Когда он находился в Коростышеве у помещика Густава Олизара 21 и после вечернего визита к нему возвращался на отдых на квартиру в местечко, он заметил приближающихся жандармов, которые не нашли его в полку и направились сюда, чтобы задержать его. Однако Бестужев, хотя и был уже полураздет на ночь, схватил плащ и без шапки бежал из квартиры; пользуясь темнотой ночи, нанял еврея и поспешил, как я уже упоминал ранее, в Васильков, а затем в Трилесы, где находилась квартира Муравьева. После этого рассказа о приключениях Бестужева возвращаюсь к прерванному повествованию. Полковник Гебель с жандармами не нашел Муравьева в Житомире и, полагая наверное найти его в батальонной квартире в Трилесах, нанял фурманов и вместе с жандармами поспешил в Трилесы, и не ошибся в своем предположении. Поздно ночью, когда Муравьев вместе со своим братом, отставным подполковником, и Бестужевым спокойно спали, в помещение вошел полковник с жандармами и сообщил Муравьеву о цели своего приезда. Муравьев спокойно принял это известие и сказал, что он подчиняется приказу и готов ехать, но просил только разрешения напиться перед отъездом чая.

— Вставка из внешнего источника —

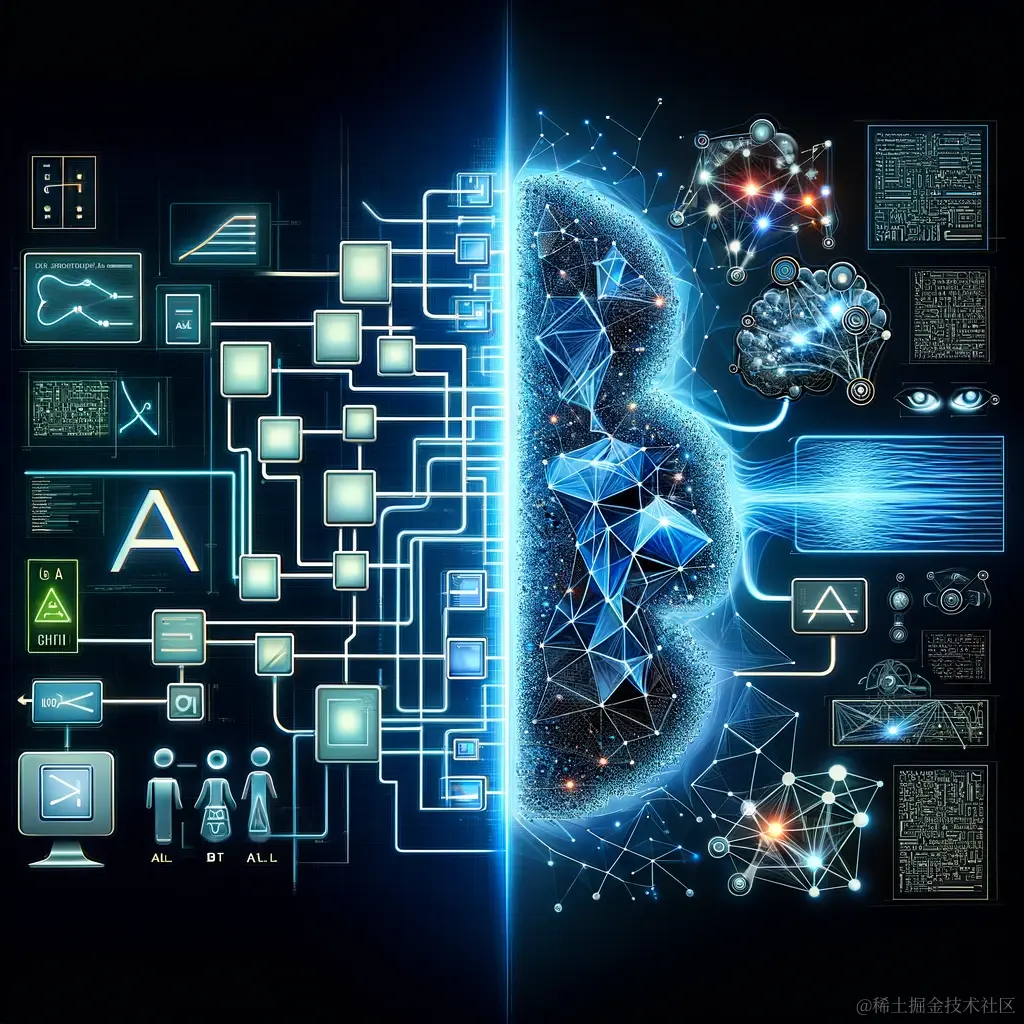 DALL·E 2023-12-15 14.38.53 - A futuristic AI-themed illustration showing the evolution of machine learning. On one side, there's a depiction of traditional machine learning algori.png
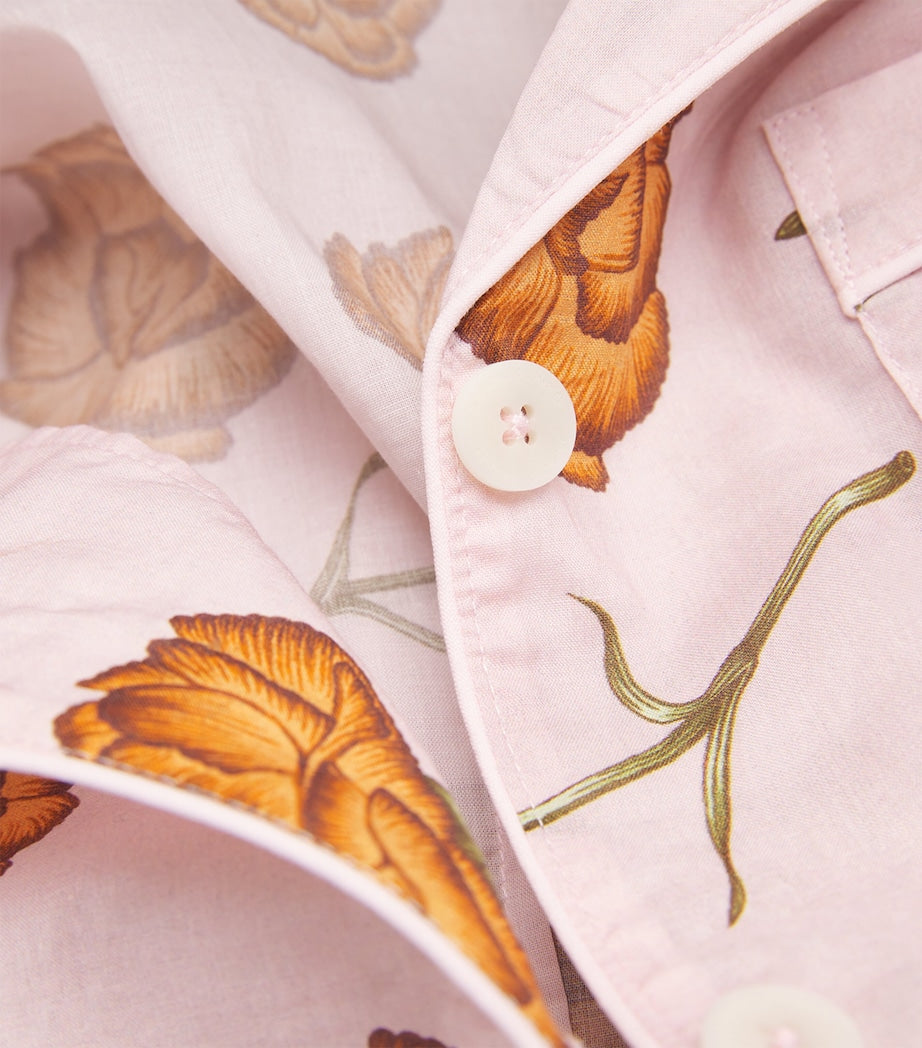 Desmond & Dempsey Pink Cotton Carnations Pyjama Set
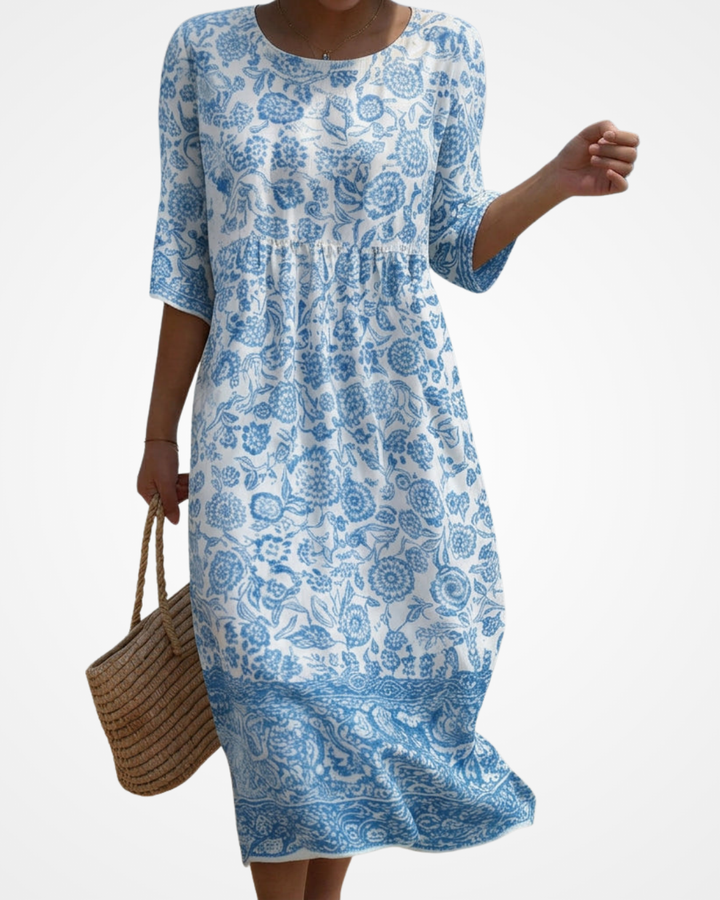 Refilwe | Maxi Dress with Round Neckline and Embroidery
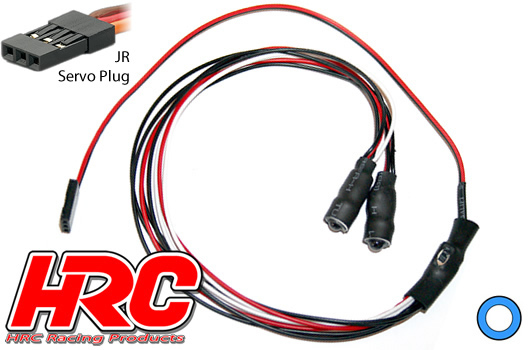 HRC Racing - HRC8711 - Light Kit - 1/10 TC/Drift - LED - JR Plug - "Angel Eyes" LEDs (outside blue, center white)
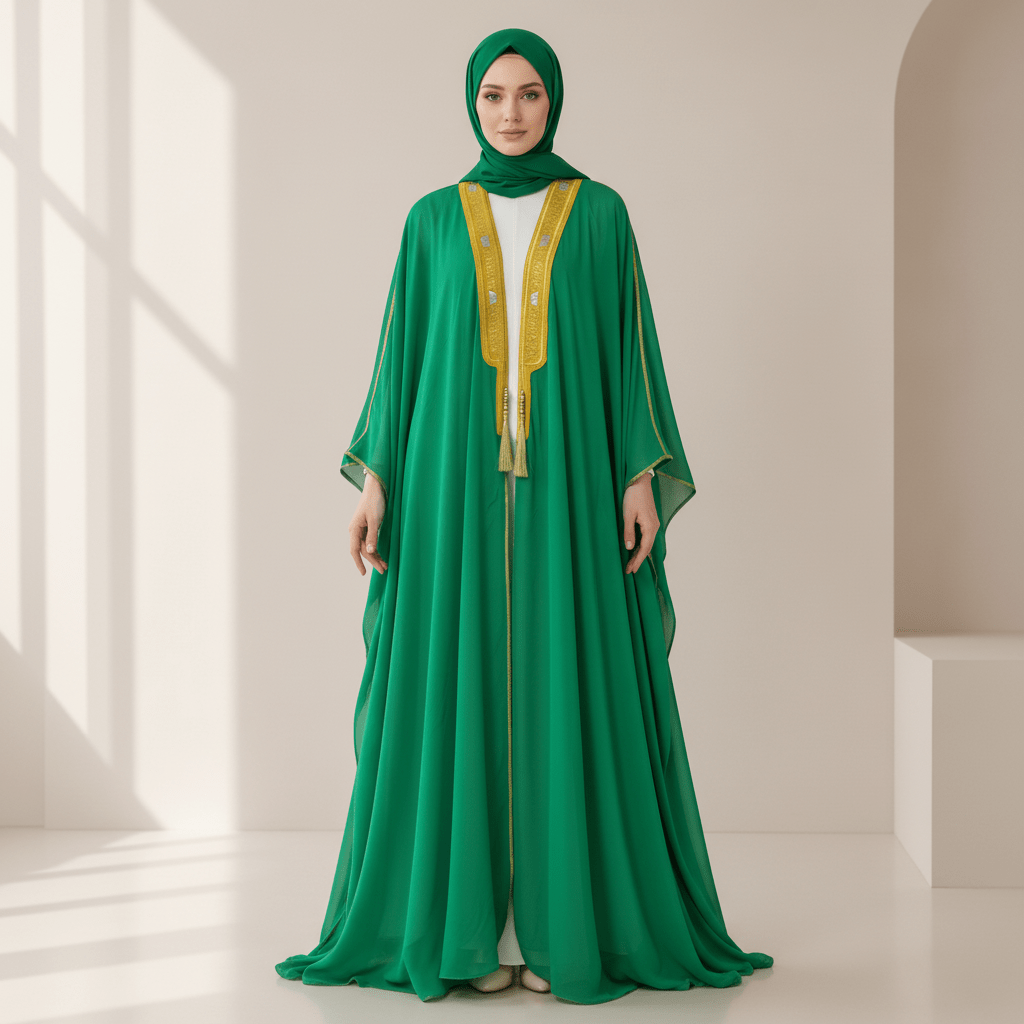 Pièce d'archive - Kaftan ouvert brodé géométrique doré avec finition à pompons - MP052 (Taille XXL uniquement)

Так как приготовление чая заняло некоторое время, дали знать офицерам, квартировавшим в этом же селе. Разбуженные поручики Щеп ила и Кузьмин прибежали вооруженными на помощь Муравьеву, полковника Гебеля изранили и искололи штыками, а жандармского капитана и жандарма арестовали 22. Пока они были этим заняты, а барабаны били тревогу для сбора вооруженной силы, полковник Гебель, придя в себя после полученных ран, выскочил из квартиры и приказал отвезти его в дом эконома, который жил довольно далеко от помещения Муравьева. Эконом оказался расторопным: он спрятал полковника в погребе, пока мог приготовить другие санки, а возницу, который привез полковника, тотчас же отослал со двора, чтобы не было никаких признаков, что полковник тут спрятан, и из осторожности, чтобы в случае поисков спасти ему жизнь. Он не ошибся в своих предположениях. Офицеры, увидев, что полковник скрылся от них, побежали к дому эконома, чтобы убить полковника, обыскали весь дом и, не найдя того, кого так усердно искали, ушли ни с чем.
Эконом же тотчас проселочными дорогами направил полковника в квартиру гренадерской роты, состоявшей под командой капитана Козлова и расположенной в селе Великой Снетынке, что принадлежало к бискупским владениям Фастова. Капитан Козлов мгновенно уведомил об этом случае капитана Ульферта, а тот поспешил в Снетынку и, встретив на улице моего фельдшера Григория Мегедя, взял его с собой, и тот первый осмотрел и перевязал раны полковника. Об этих событиях никто ничего не знал: ни мотовиловские жители, ни моя семья, ни дворовые. В окна своего дома я видел на перекрещивавшихся возле дома дорогах необычное движение многочисленных саней, в которых по большей части проезжали военные люди. Погода в это время была очень скверная - сильный мороз и снежная метель. Тогда же пришел ко мне мой комиссар с запиской от капитанши Ульферт с просьбой дать несколько крестьянских конных саней для конвоя, за что ее супруг будет очень благодарен.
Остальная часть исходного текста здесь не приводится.